(Web page caption snippets)
....
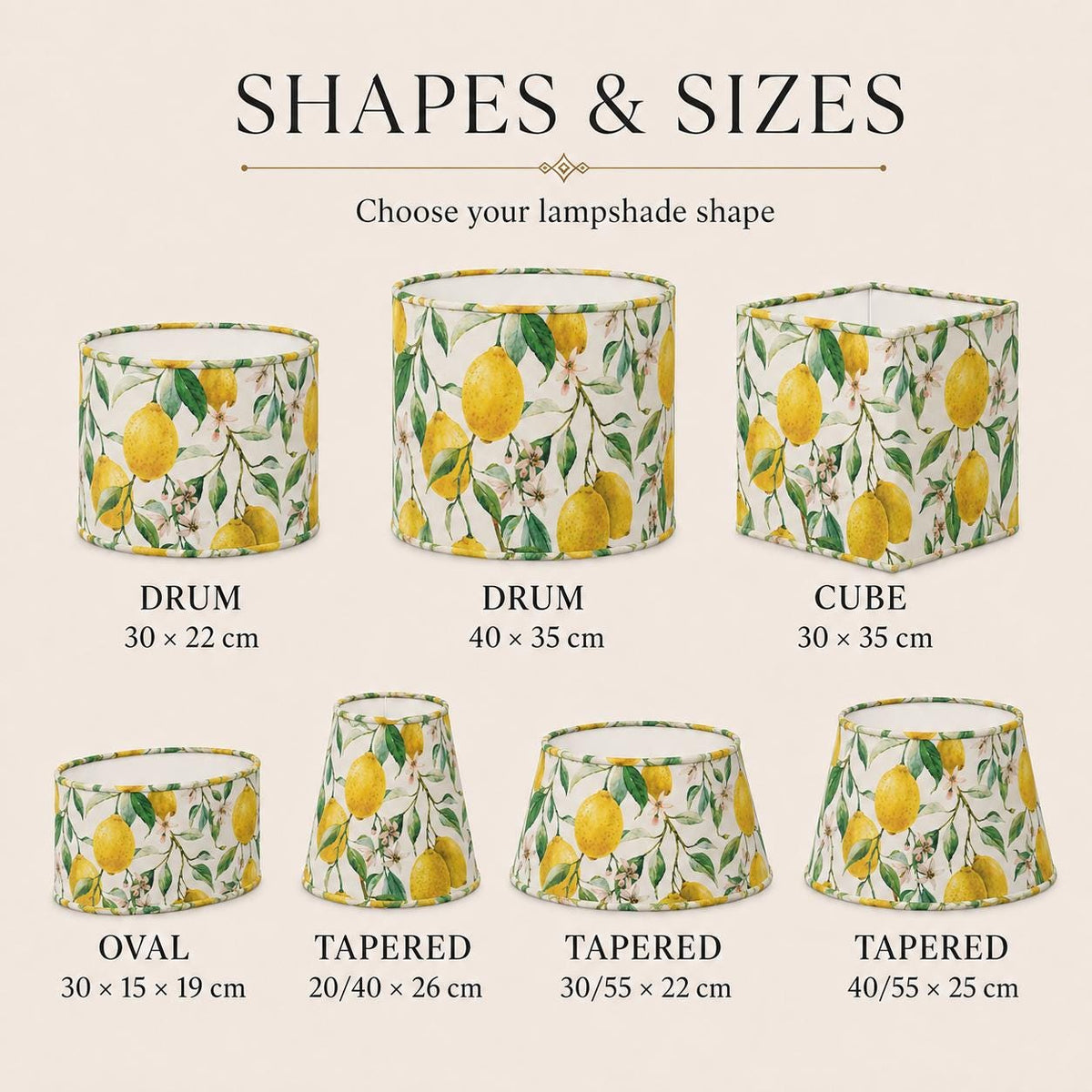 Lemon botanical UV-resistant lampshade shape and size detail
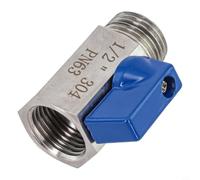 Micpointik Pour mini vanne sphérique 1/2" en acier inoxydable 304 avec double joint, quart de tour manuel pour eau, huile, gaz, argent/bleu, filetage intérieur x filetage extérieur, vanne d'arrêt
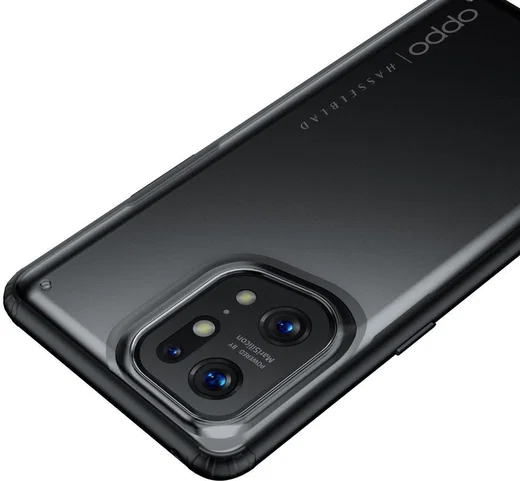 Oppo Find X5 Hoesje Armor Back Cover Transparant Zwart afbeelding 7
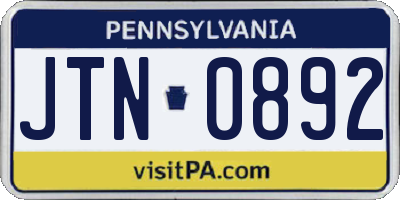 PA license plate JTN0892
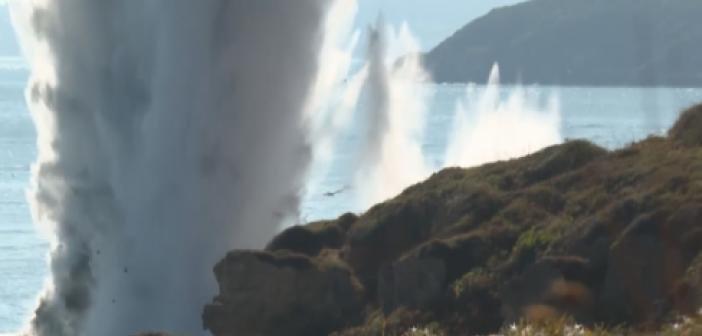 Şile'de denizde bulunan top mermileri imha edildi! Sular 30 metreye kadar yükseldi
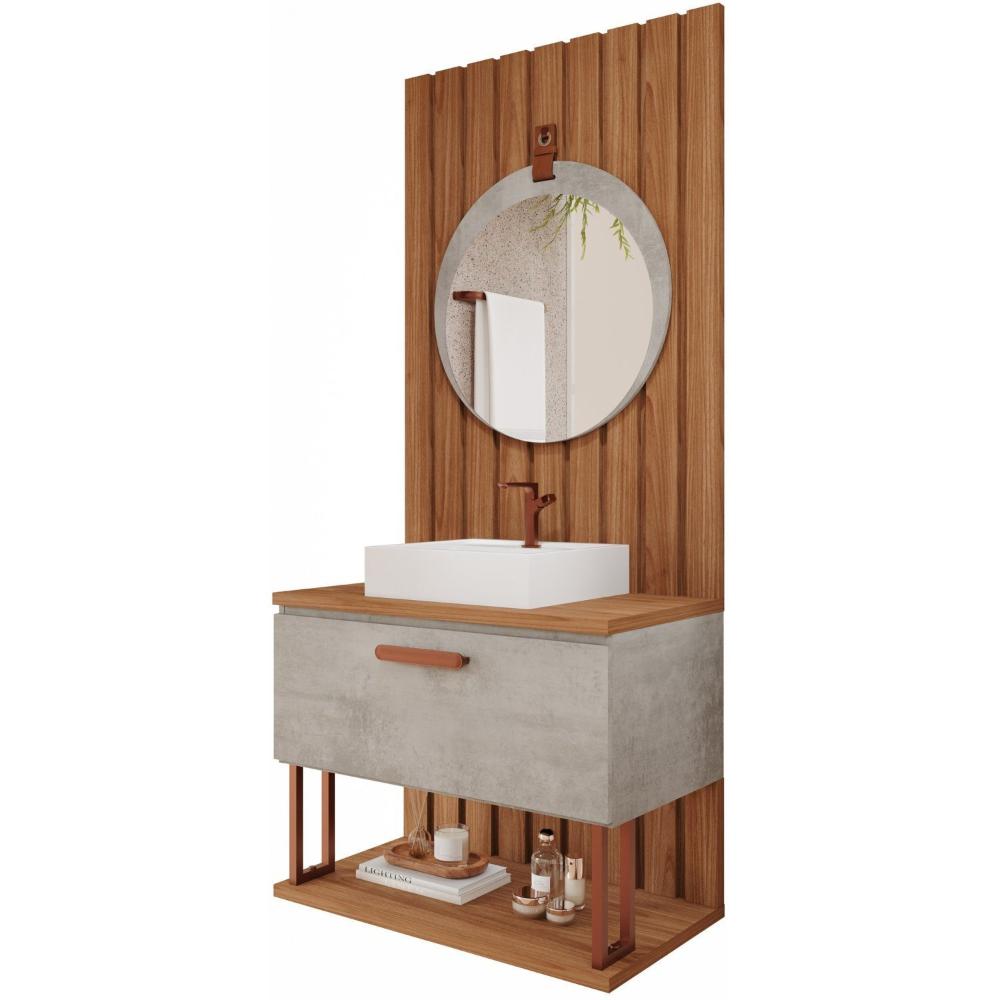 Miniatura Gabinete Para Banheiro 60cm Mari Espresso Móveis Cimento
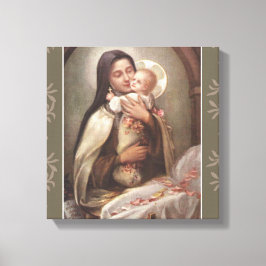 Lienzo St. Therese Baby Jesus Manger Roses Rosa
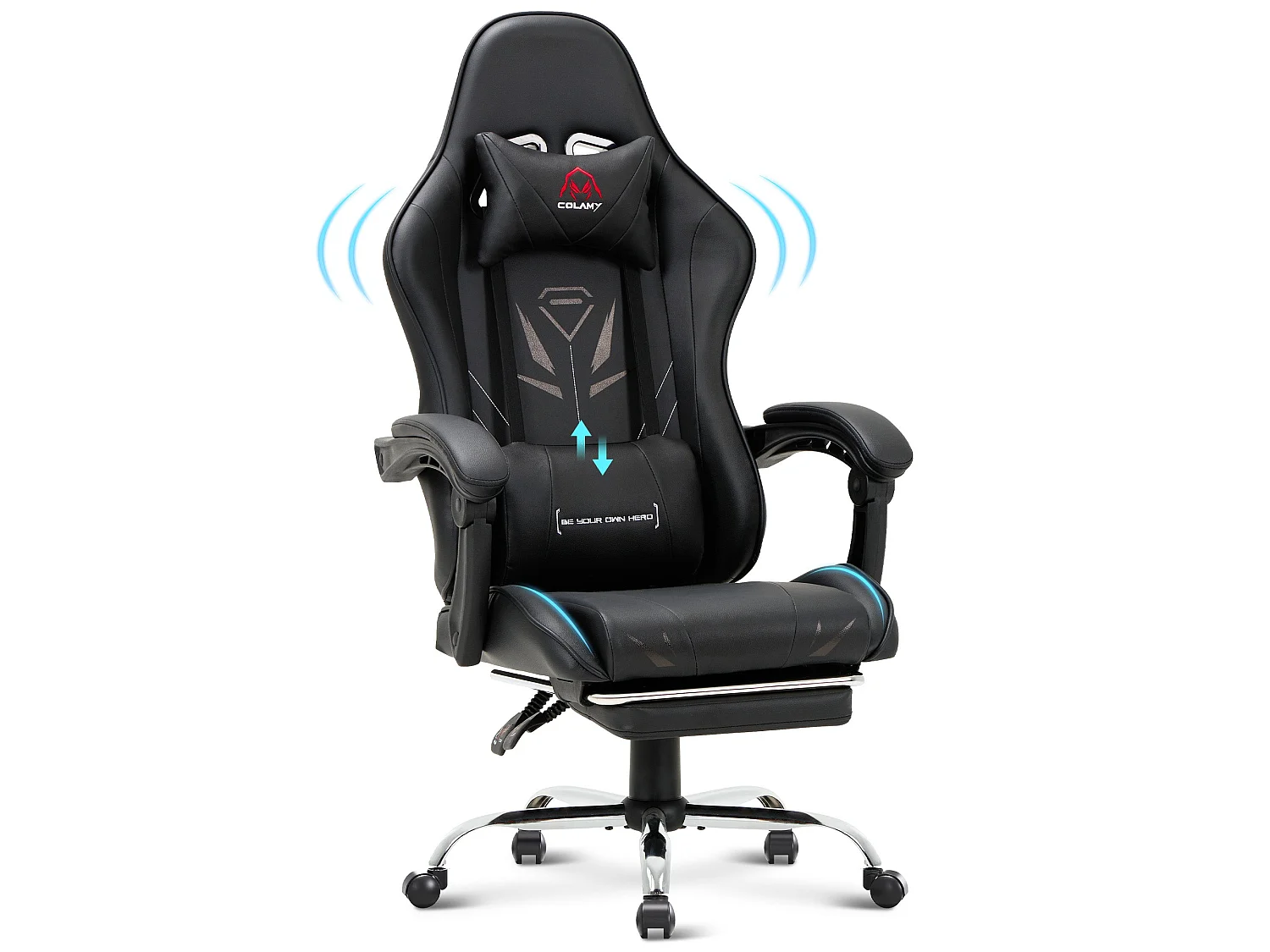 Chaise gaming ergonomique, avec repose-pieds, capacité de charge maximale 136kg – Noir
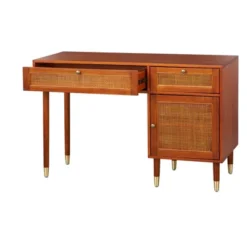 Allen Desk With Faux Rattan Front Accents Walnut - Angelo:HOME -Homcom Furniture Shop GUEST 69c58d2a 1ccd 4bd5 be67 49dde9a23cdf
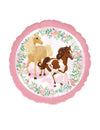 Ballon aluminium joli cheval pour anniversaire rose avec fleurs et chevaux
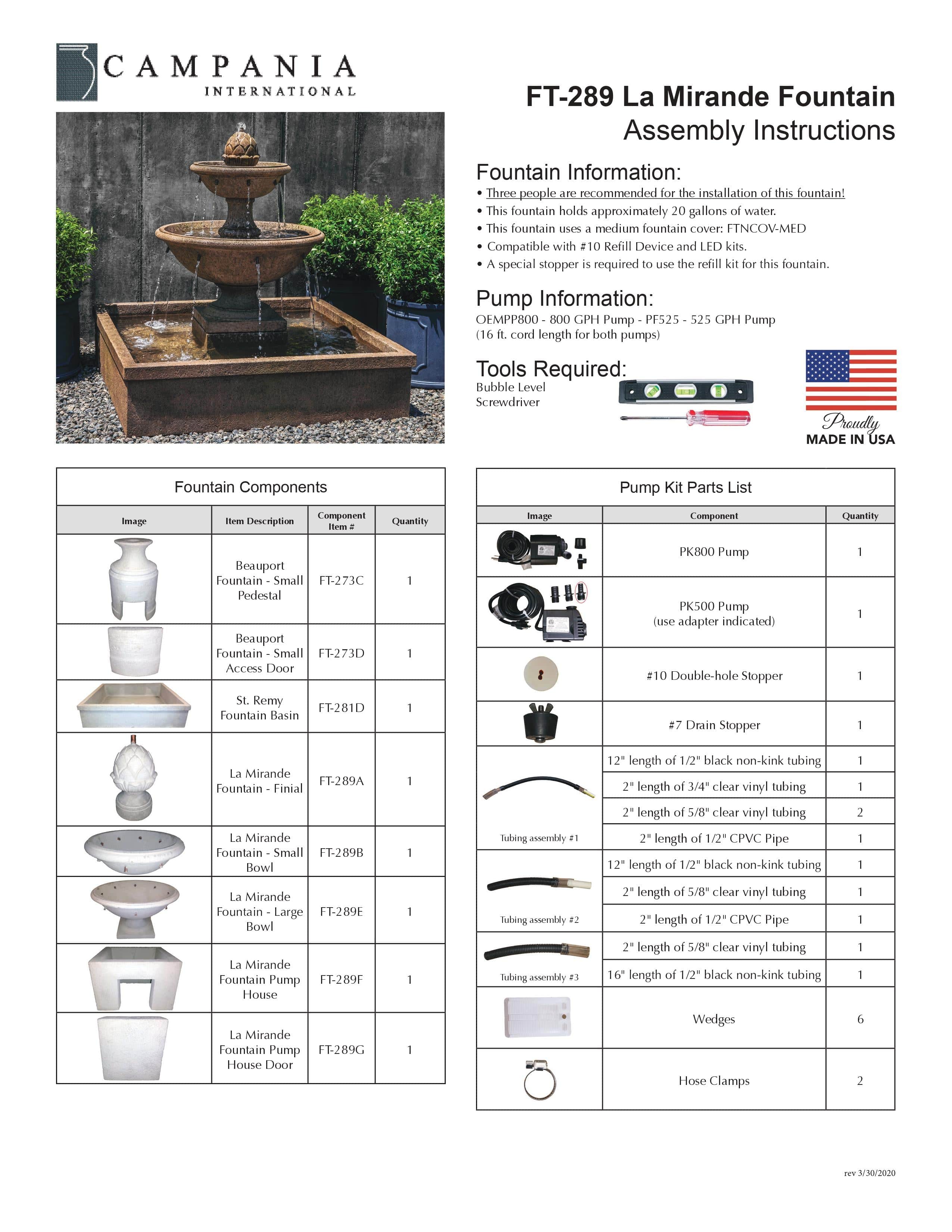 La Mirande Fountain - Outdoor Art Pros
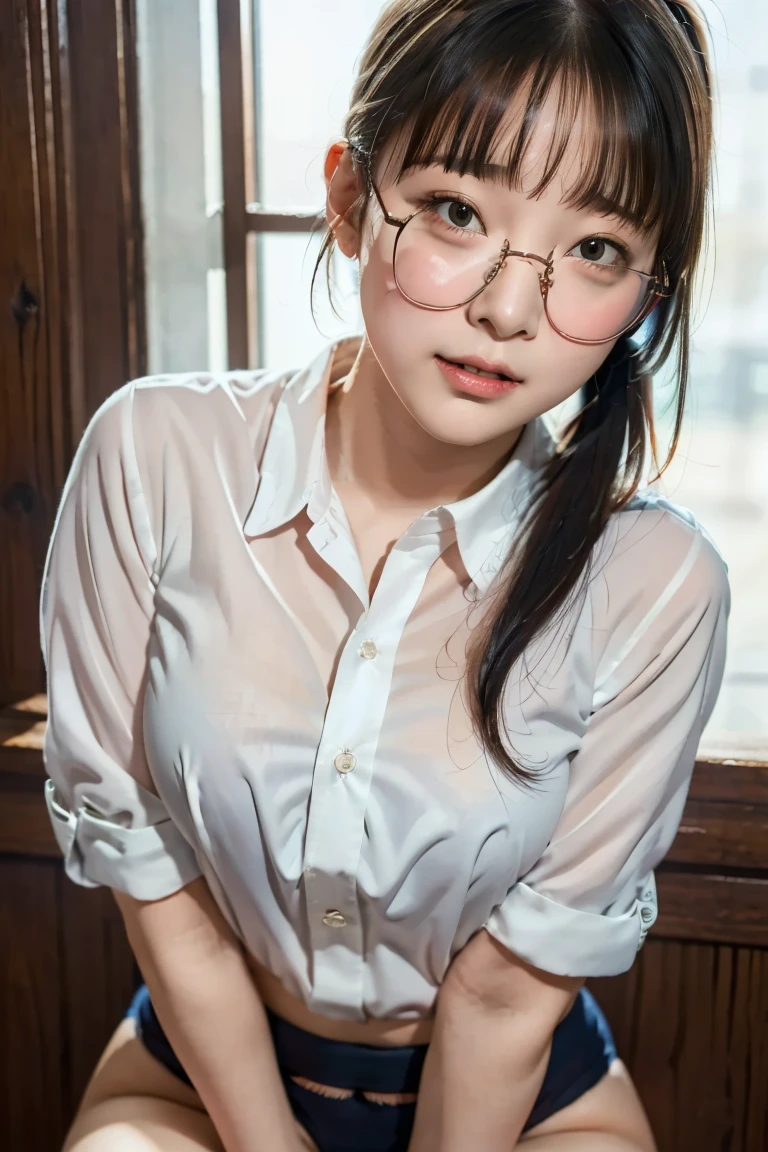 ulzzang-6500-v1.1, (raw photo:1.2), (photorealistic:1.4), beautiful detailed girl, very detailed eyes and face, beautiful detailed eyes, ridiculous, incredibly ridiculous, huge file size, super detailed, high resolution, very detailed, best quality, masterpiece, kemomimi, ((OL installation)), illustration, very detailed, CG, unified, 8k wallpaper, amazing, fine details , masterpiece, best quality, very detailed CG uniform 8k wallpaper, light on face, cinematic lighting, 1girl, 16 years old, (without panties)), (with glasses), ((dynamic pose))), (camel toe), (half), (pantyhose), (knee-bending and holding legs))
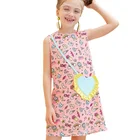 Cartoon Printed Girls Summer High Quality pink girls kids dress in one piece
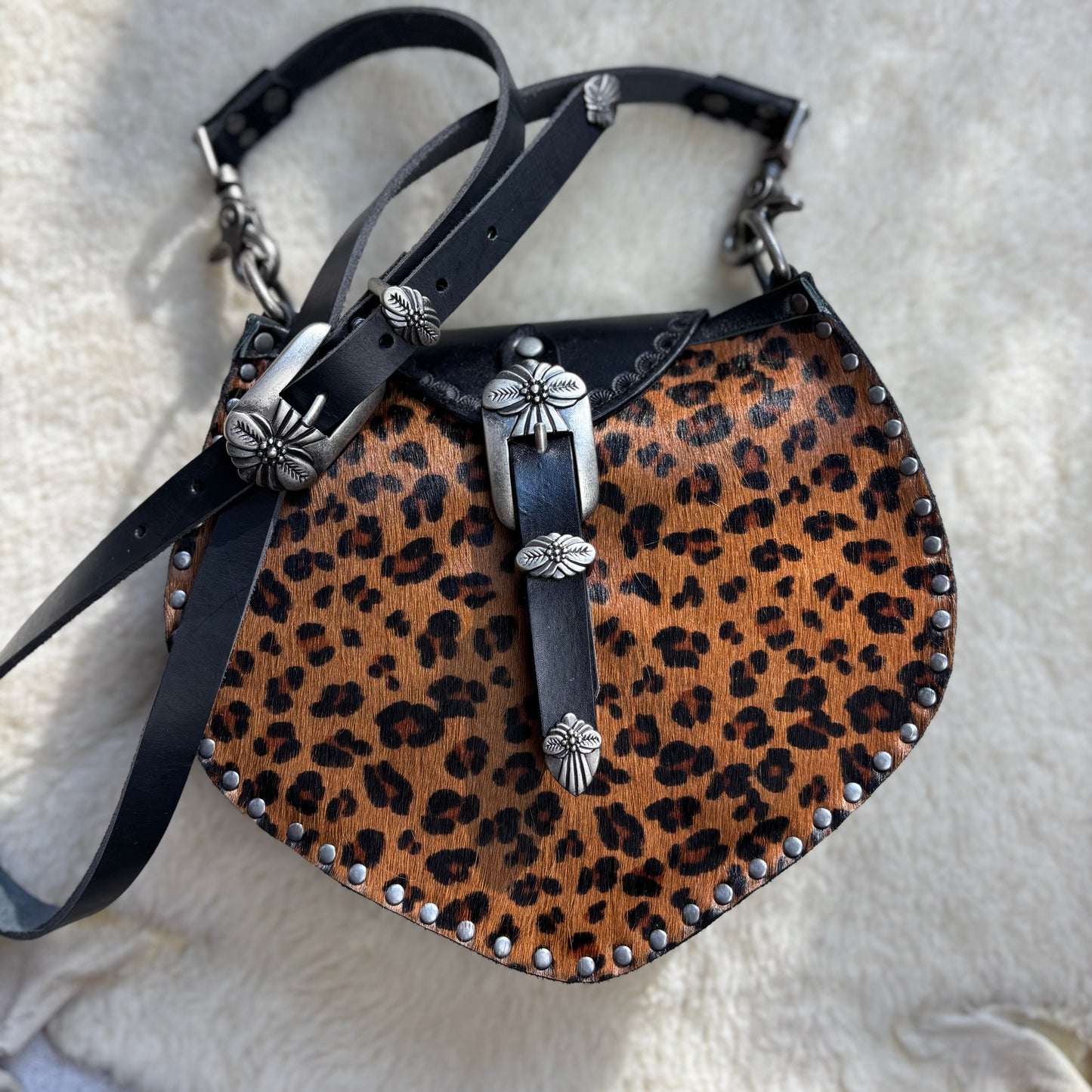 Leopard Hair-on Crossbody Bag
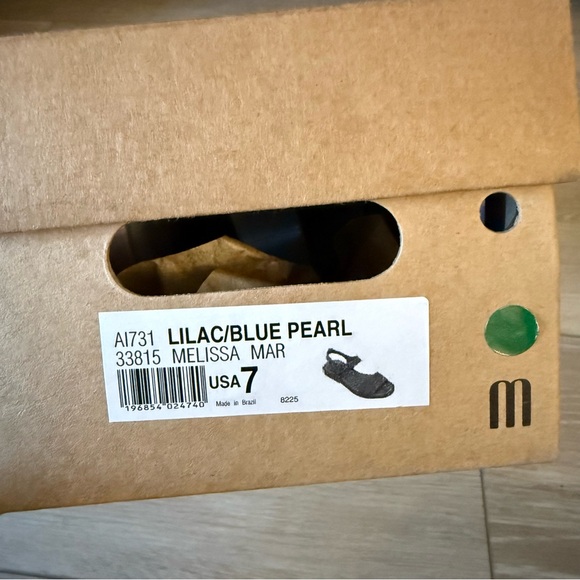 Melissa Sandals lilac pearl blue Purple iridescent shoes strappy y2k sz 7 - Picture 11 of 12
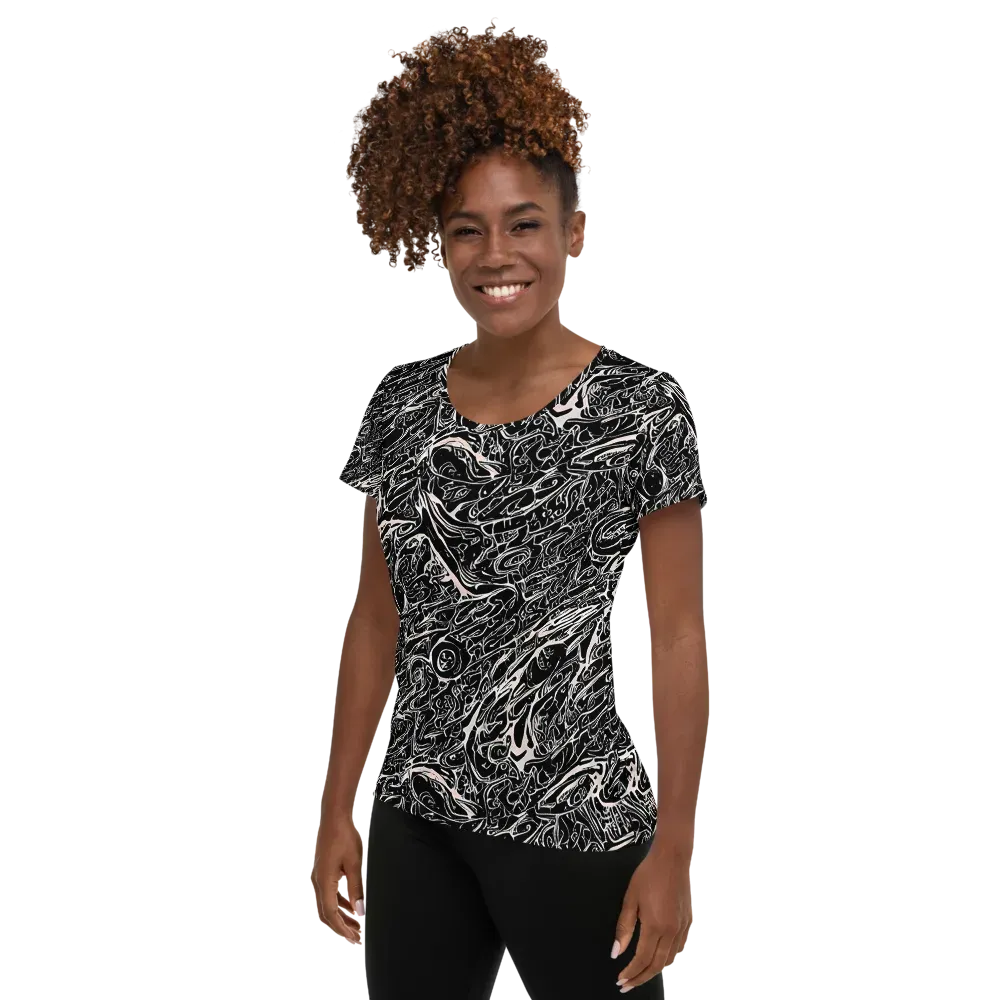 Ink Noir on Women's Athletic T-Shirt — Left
....
=== WHAT YOU WILL DO ===
Please output all of the entries above exactly, but without any picture.

=== TASK OUTPUT ===
 Lemon botanical UV-resistant lampshade shape and size detail
 Micpointik Pour mini vanne sphérique 1/2" en acier inoxydable 304 avec double joint, quart de tour manuel pour eau, huile, gaz, argent/bleu, filetage intérieur x filetage extérieur, vanne d'arrêt
 Oppo Find X5 Hoesje Armor Back Cover Transparant Zwart afbeelding 7
 PA license plate JTN0892
 Şile'de denizde bulunan top mermileri imha edildi! Sular 30 metreye kadar yükseldi
 Miniatura Gabinete Para Banheiro 60cm Mari Espresso Móveis Cimento
 Lienzo St. Therese Baby Jesus Manger Roses Rosa
 Chaise gaming ergonomique, avec repose-pieds, capacité de charge maximale 136kg – Noir
 Allen Desk With Faux Rattan Front Accents Walnut - Angelo:HOME -Homcom Furniture Shop GUEST 69c58d2a 1ccd 4bd5 be67 49dde9a23cdf
 Ballon aluminium joli cheval pour anniversaire rose avec fleurs et chevaux
 La Mirande Fountain - Outdoor Art Pros
 ulzzang-6500-v1.1, (raw photo:1.2), (photorealistic:1.4), beautiful detailed girl, very detailed eyes and face, beautiful detailed eyes, ridiculous, incredibly ridiculous, huge file size, super detailed, high resolution, very detailed, best quality, masterpiece, kemomimi, ((OL installation)), illustration, very detailed, CG, unified, 8k wallpaper, amazing, fine details , masterpiece, best quality, very detailed CG uniform 8k wallpaper, light on face, cinematic lighting, 1girl, 16 years old, (without panties)), (with glasses), ((dynamic pose))), (camel toe), (half), (pantyhose), (knee-bending and holding legs))
 Cartoon Printed Girls Summer High Quality pink girls kids dress in one piece
 Leopard Hair-on Crossbody Bag
 Melissa Sandals lilac pearl blue Purple iridescent shoes strappy y2k sz 7 - Picture 11 of 12
 Ink Noir on Women's Athletic T-Shirt — Left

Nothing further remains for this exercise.